Deployment git server can't supply ORES hosts in parallel
Open, NormalPublic

Description

We have the fetch-hosts concurrency manually set to 3, with 18 hosts to service, due to resource concerns and crashes during deployment. This is unfortunate, ideally we could fetch all 18 in parallel.

Git-lfs might win us back some performance here. Also, should we investigate multicast?

awight created this task.Apr 9 2018, 8:28 PM
Restricted Application added a subscriber: Aklapper. · View Herald TranscriptApr 9 2018, 8:28 PM
Dzahn added a subscriber: Dzahn.Apr 18 2018, 12:17 AM

Which deployment server is this about? Production or deployment-prep or another?

Sorry--this is about production.

RobH triaged this task as Normal priority.May 3 2018, 4:46 PM
RobH added a subscriber: RobH.

As part of SRE clinic duty, I'm reviewing all unassigned, needs triage tasks in Operations and attempting to review if any are critical, or if they are normal priority.

This task appears to be normal priority, and I have set it such. If any one on this task disagrees, please comment and correct. Anything with a high priority or above typically requires response ahead of other items, so please ensure you have supporting documentation on why those priorities should be used.

Thanks!

greg added a subscriber: greg.Jul 6 2018, 8:09 PM

I think to do much on this we'll need some performance numbers.

Also, if this isn't 100% addressed by git-lfs reducing the load then I guess it's time to look into fan-out servers for ORES...

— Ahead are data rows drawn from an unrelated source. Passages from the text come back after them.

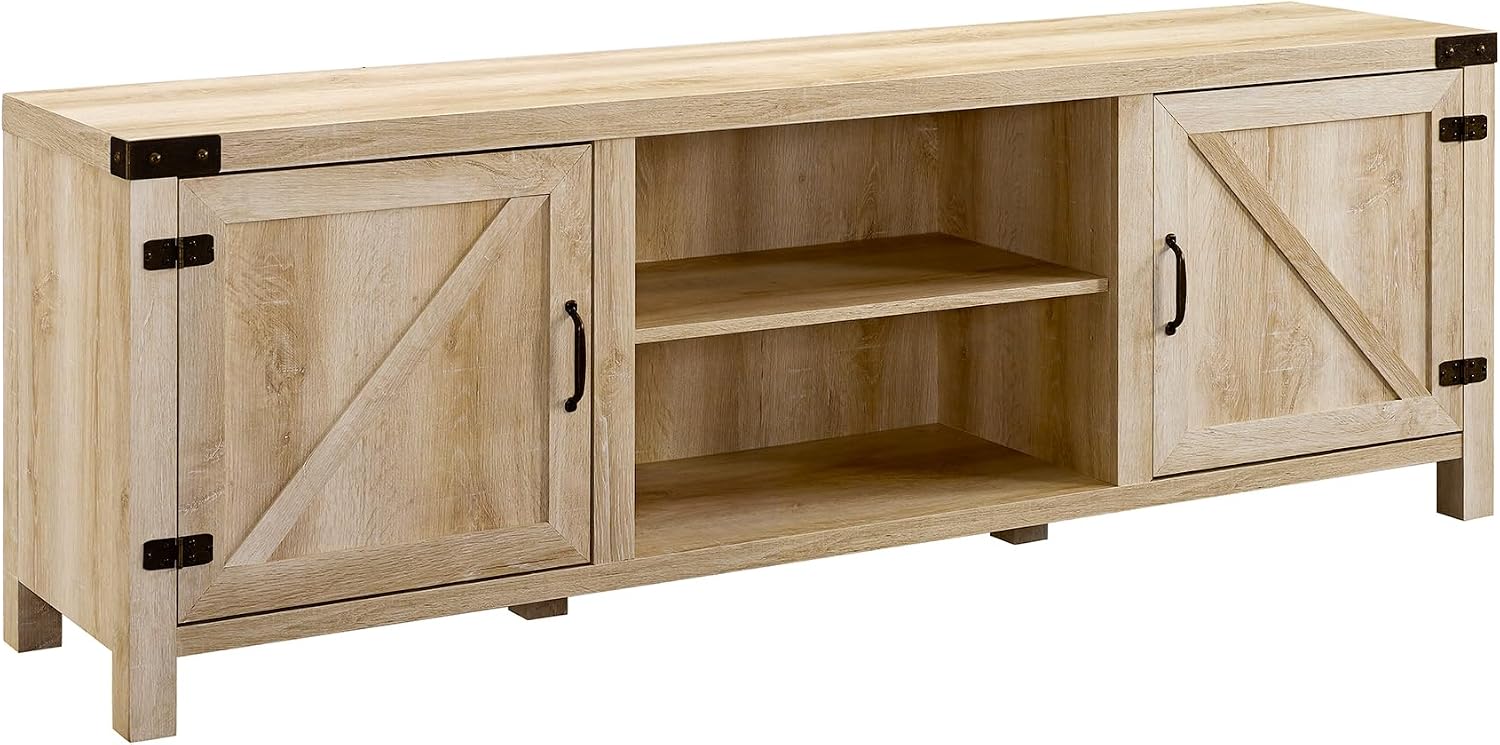 Walker Edison Georgetown Modern Farmhouse Double Barn Door TV Stand for TVs up to 80 Inches, 70 Inch, White Oak, Without Fireplace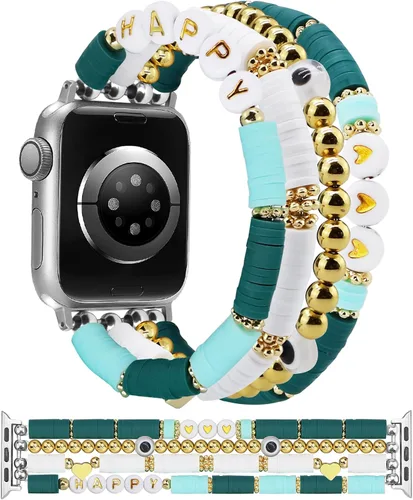 Vista 30 de JR.DM - Pulsera de cuentas compatible con Apple Watch de 40 mm, 38 mm, 41 mm, 42 mm; correa elástica hecha a mano para iWatch Series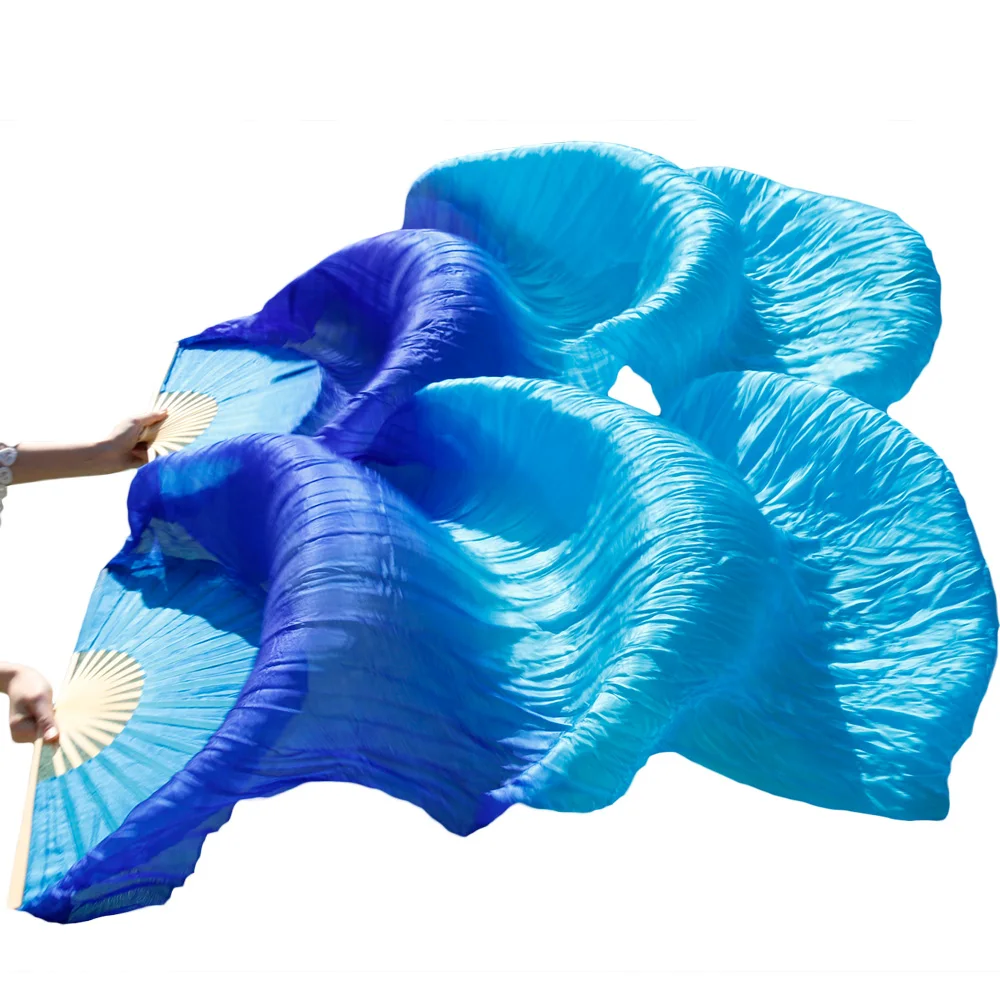 

100% Real Silk Fans 1 Pair Handmade Dyed Bamboo Ribs Women Belly Dance Performance Props Silk Fans Royal blue+Turquoise 180*90cm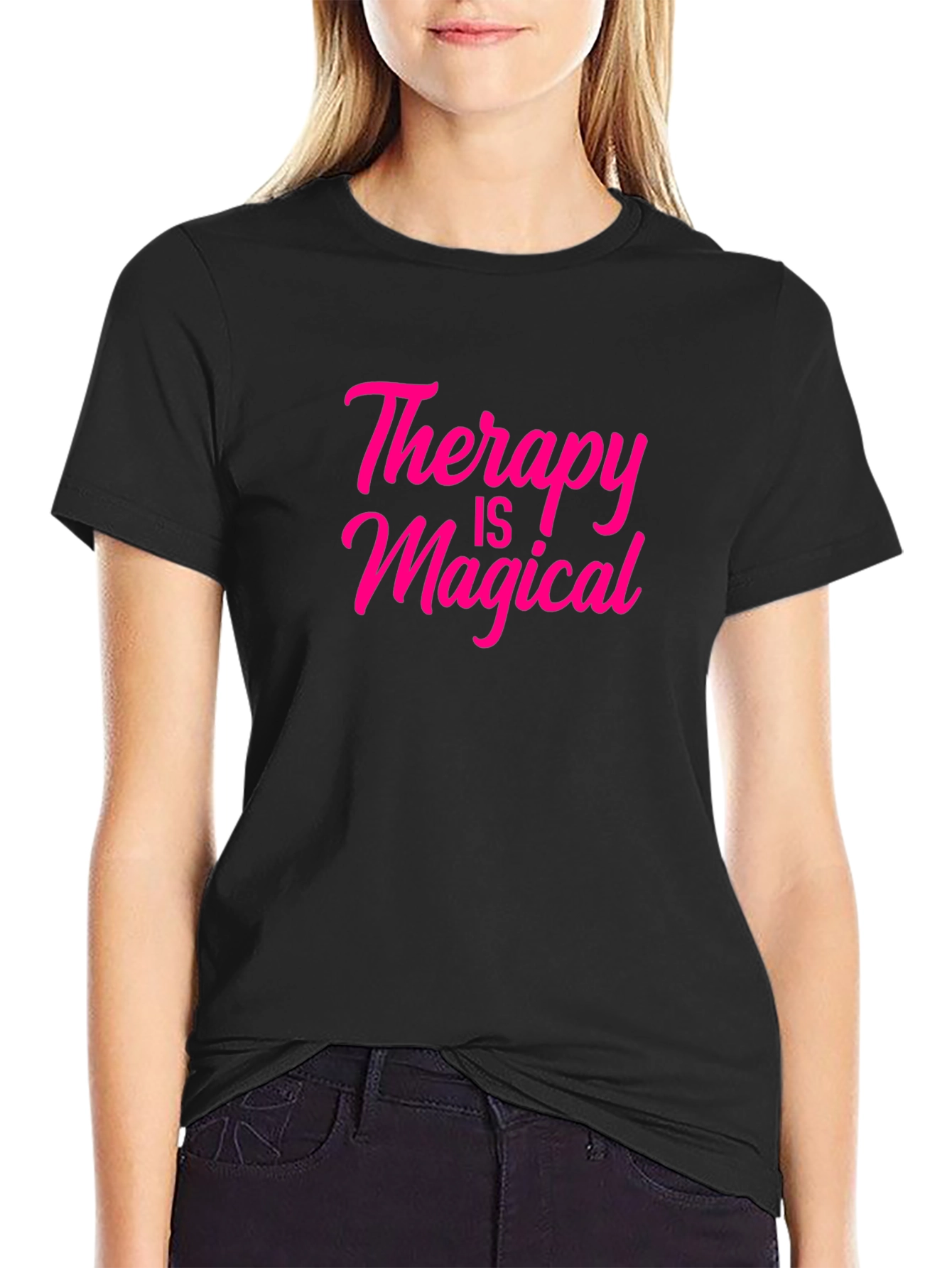Therapy Is Magical Black T-Shirt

Ladsgroup claimed this task.Nov 7 2018, 5:59 PM
Ladsgroup added a subscriber: Ladsgroup.

Given that we have git lfs now, I want to increase the number of parallel requests gradually.

Restricted Application added a project: User-Ladsgroup. · View Herald TranscriptNov 7 2018, 5:59 PM

Change 472230 had a related patch set uploaded (by Ladsgroup; owner: Ladsgroup):
[mediawiki/services/ores/deploy@master] Bump wheels to HEAD

https://gerrit.wikimedia.org/r/472230

Change 472230 merged by Ladsgroup:
[mediawiki/services/ores/deploy@master] Bump wheels to HEAD

https://gerrit.wikimedia.org/r/472230

Mentioned in SAL (#wikimedia-operations) [2018-11-07T21:03:28Z] <ladsgroup@deploy1001> Started deploy [ores/deploy@25dfa4f]: T191842 T197096

Mentioned in SAL (#wikimedia-operations) [2018-11-07T21:20:52Z] <ladsgroup@deploy1001> Finished deploy [ores/deploy@25dfa4f]: T191842 T197096 (duration: 17m 24s)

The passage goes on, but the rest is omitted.